• _Task data_

+---+

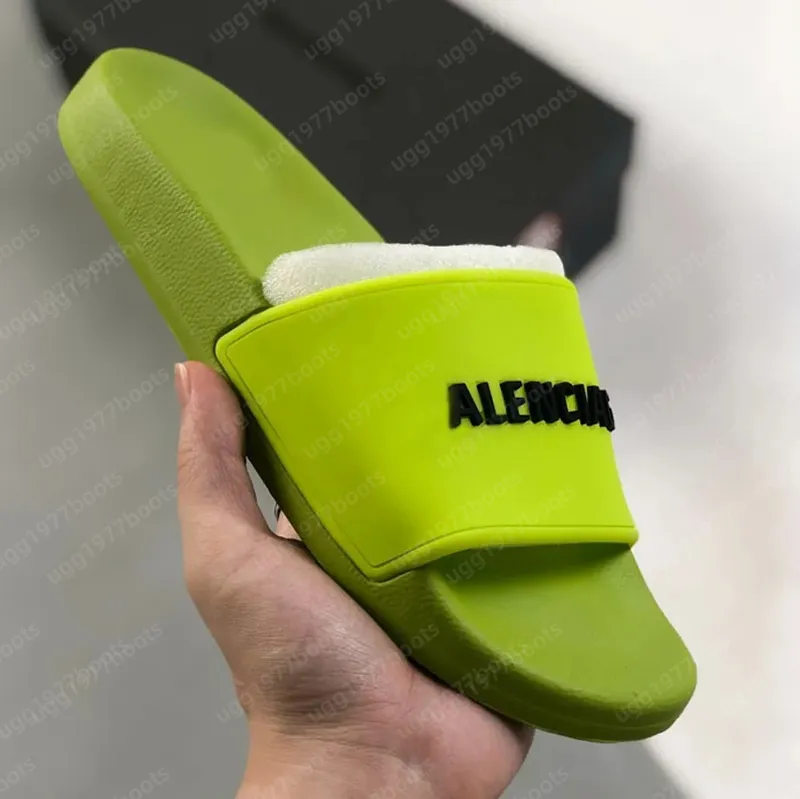 Sandalias de diseñador para hombres zapatillas Tobogane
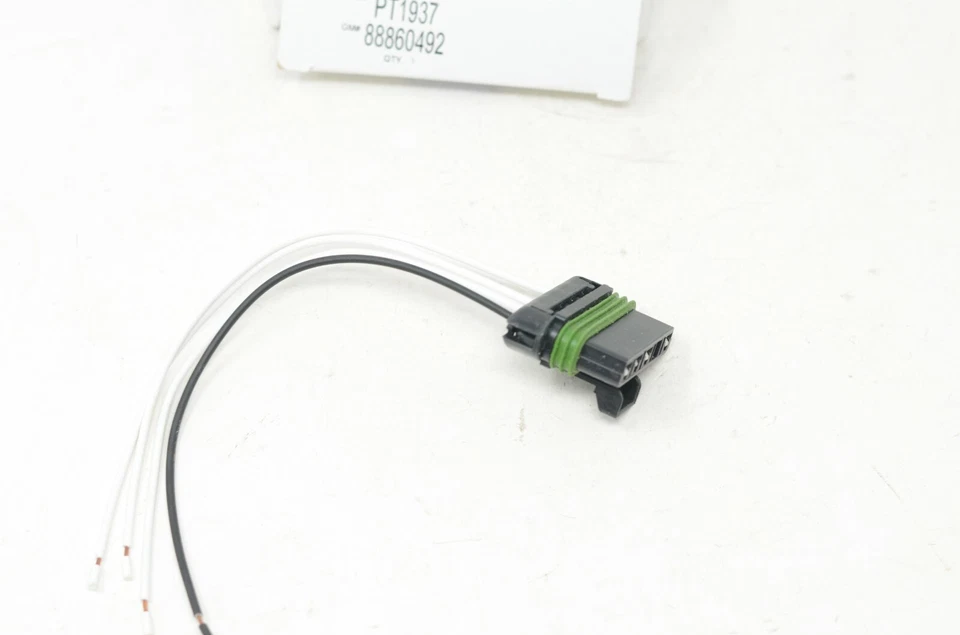 Tail Light Connector fits 1996-1999 Oldsmobile Bravada ACDELCO PROFESSIONAL - Image 4 of 4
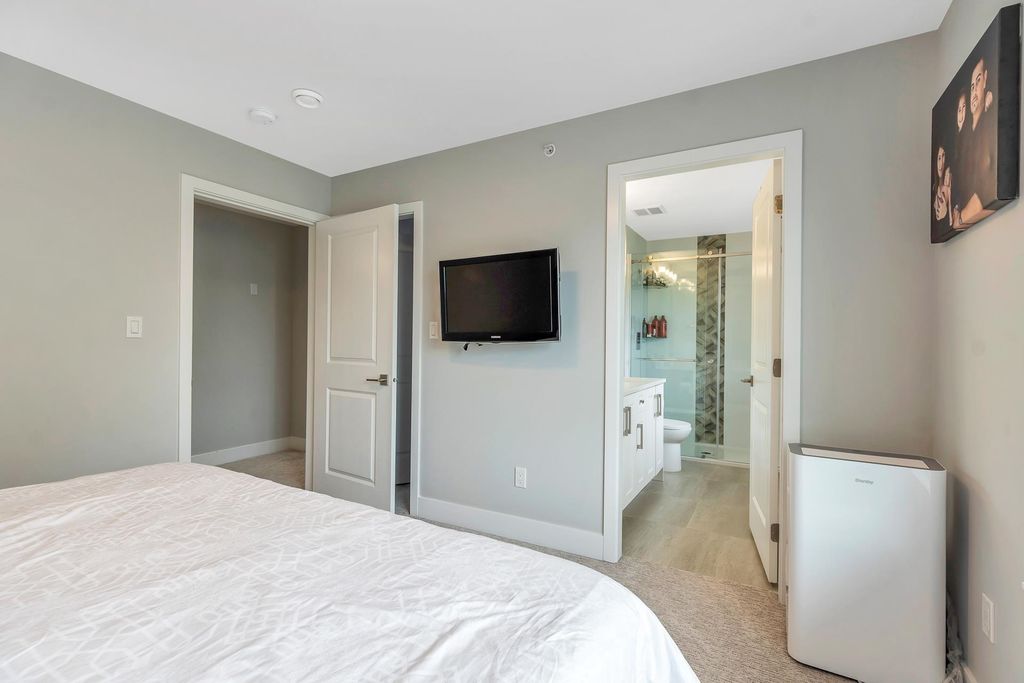 listing image 1109489994593860543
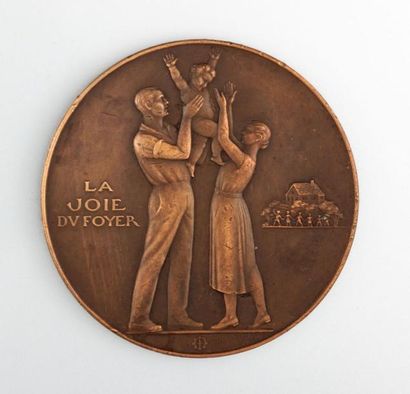 null Médaille en bronze Georges Risler, la joie d'un foyer

Tranche lisse 

Graveur...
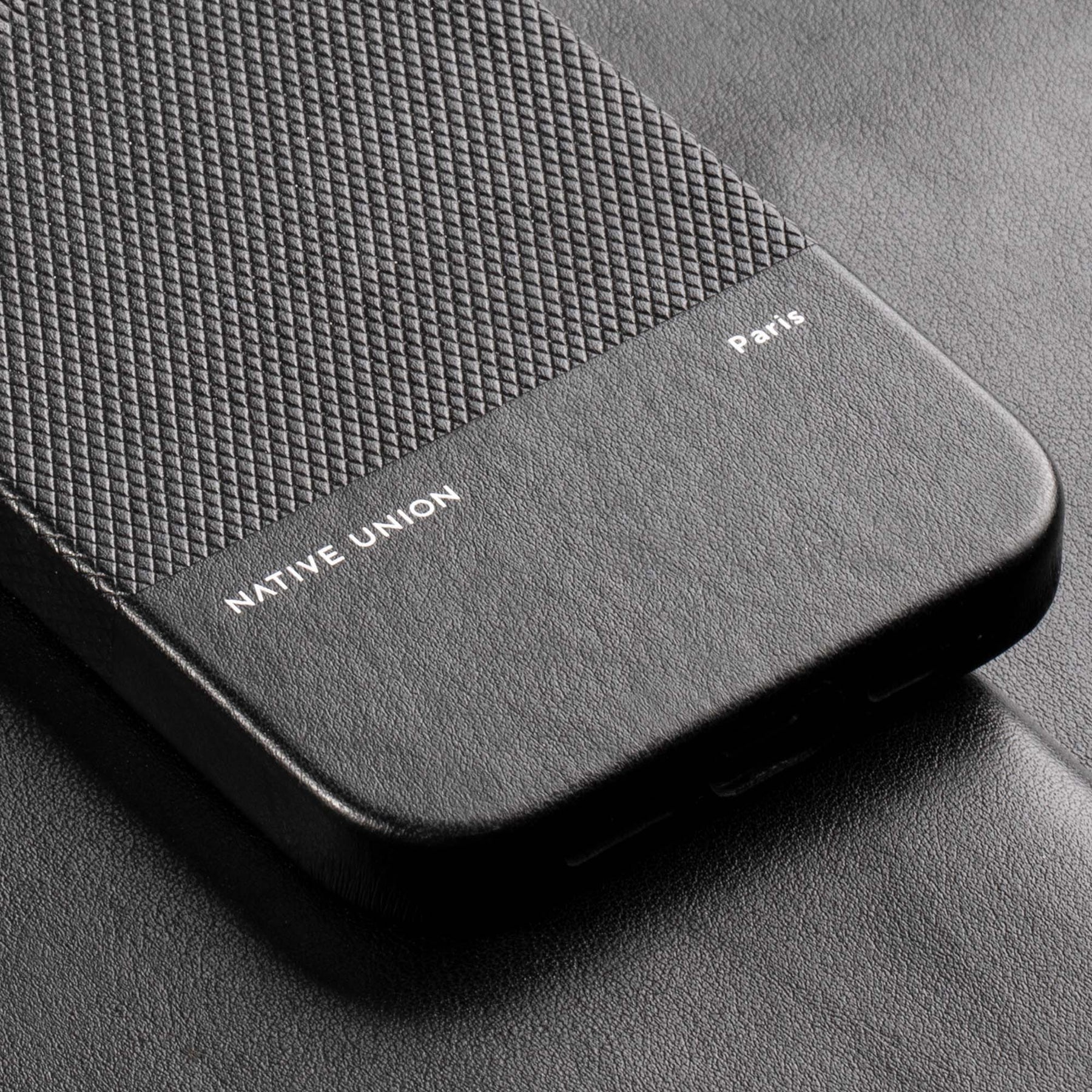 iPhone 15®/14® DIY Phone Case Kit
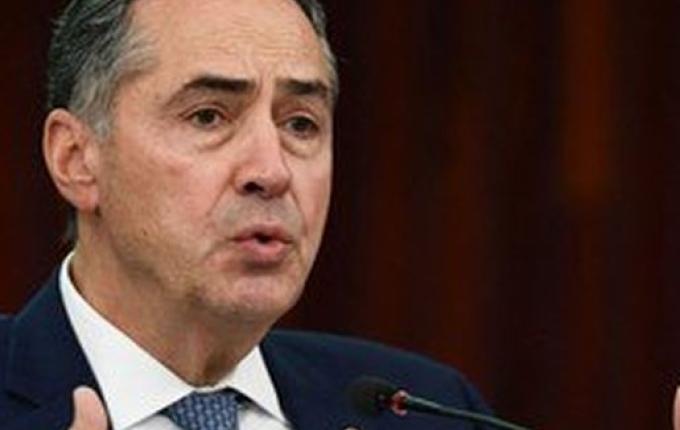 Descriminalizar drogas é competência do Congresso, diz Barroso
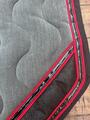 tapis paddock sport gris et rouge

+---+

Copy nothing outside the span: please output the lines from the one with "null Médaille en" through the end of the entries above, and skip the pictures.

• _Response_
 null Médaille en bronze Georges Risler, la joie d'un foyer

Tranche lisse 

Graveur...
 iPhone 15®/14® DIY Phone Case Kit
 Descriminalizar drogas é competência do Congresso, diz Barroso
 tapis paddock sport gris et rouge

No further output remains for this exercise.